• _DATA UNDER STUDY_:
=== Section Start ===

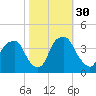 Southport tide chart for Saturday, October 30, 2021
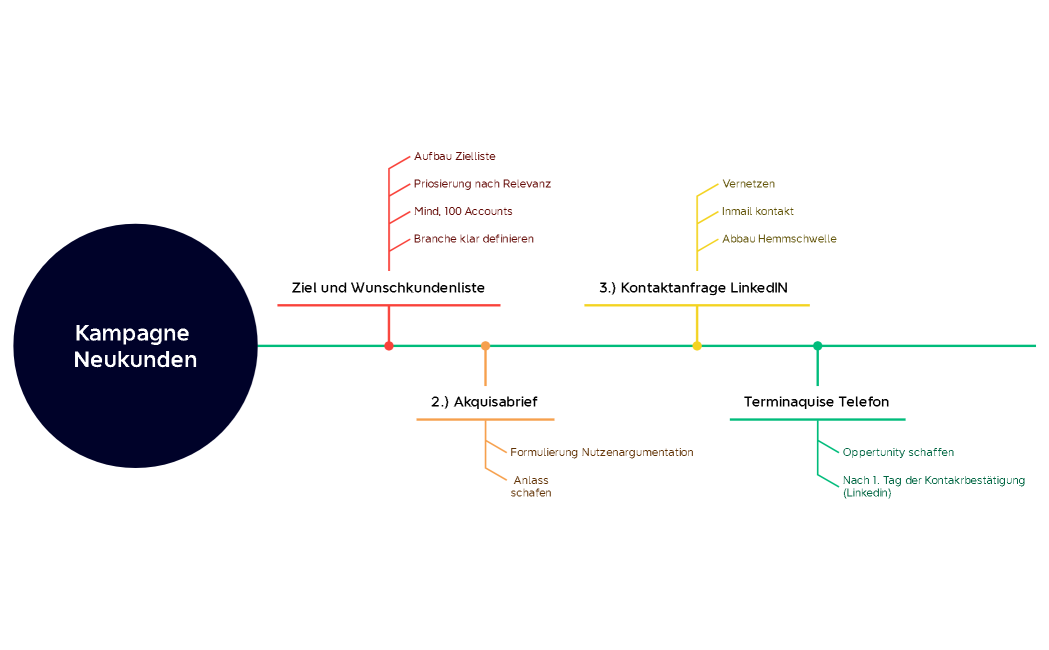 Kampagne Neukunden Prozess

=== Section End ===
=== Section Start ===

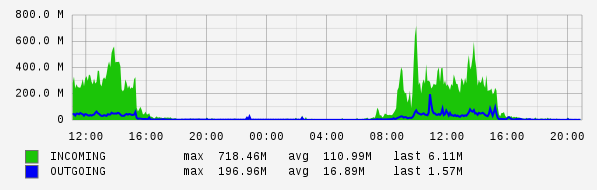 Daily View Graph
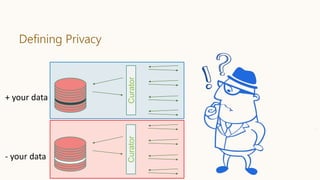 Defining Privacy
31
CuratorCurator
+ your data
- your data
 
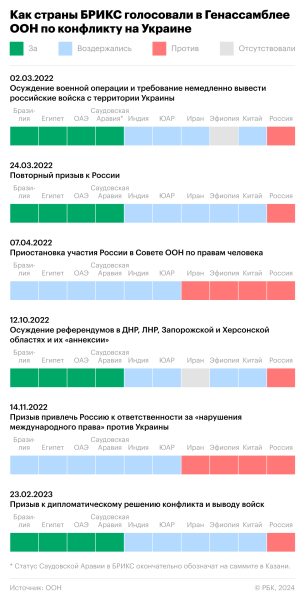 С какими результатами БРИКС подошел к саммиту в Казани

=== Section End ===

• _TASK TO CARRY OUT_: The copy should hold exactly the lines above from the one with "Southport tide chart" through the one with "Kampagne Neukunden Prozess", both ends counted, and no pictures at all.

• _FINISHED EXERCISE_:
 Southport tide chart for Saturday, October 30, 2021
 Kampagne Neukunden Prozess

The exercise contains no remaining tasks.